## RECORDS TO PROCESS
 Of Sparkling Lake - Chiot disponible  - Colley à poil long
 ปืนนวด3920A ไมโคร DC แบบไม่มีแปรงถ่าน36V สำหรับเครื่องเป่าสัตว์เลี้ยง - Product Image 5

--

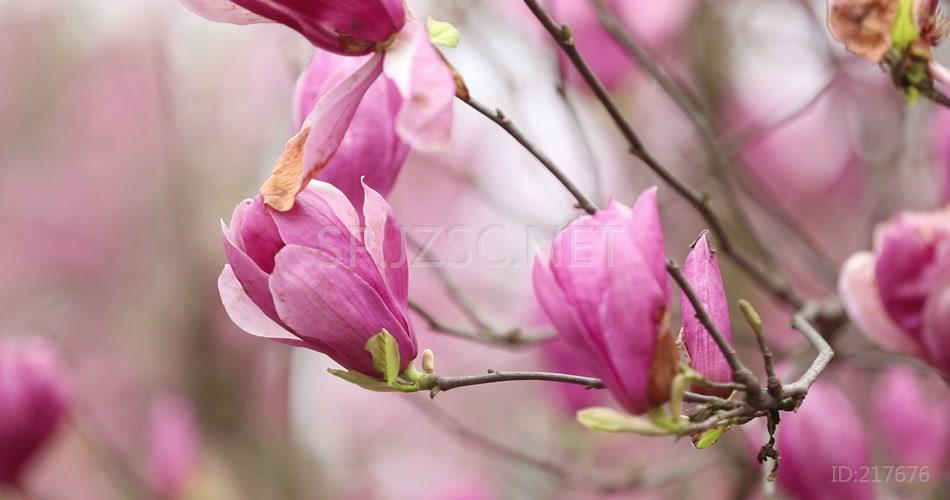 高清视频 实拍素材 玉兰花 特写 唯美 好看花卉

---

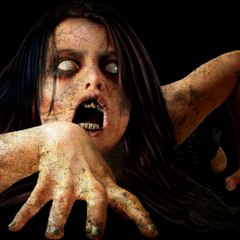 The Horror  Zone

## WHAT NEEDS TO BE DONE
In the listing above, find the line with "Of Sparkling Lake" and the line with "ปืนนวด3920A ไมโคร DC"; output exactly those lines and all lines between them.

## REPLY TO THE EXERCISE
 Of Sparkling Lake - Chiot disponible  - Colley à poil long
 ปืนนวด3920A ไมโคร DC แบบไม่มีแปรงถ่าน36V สำหรับเครื่องเป่าสัตว์เลี้ยง - Product Image 5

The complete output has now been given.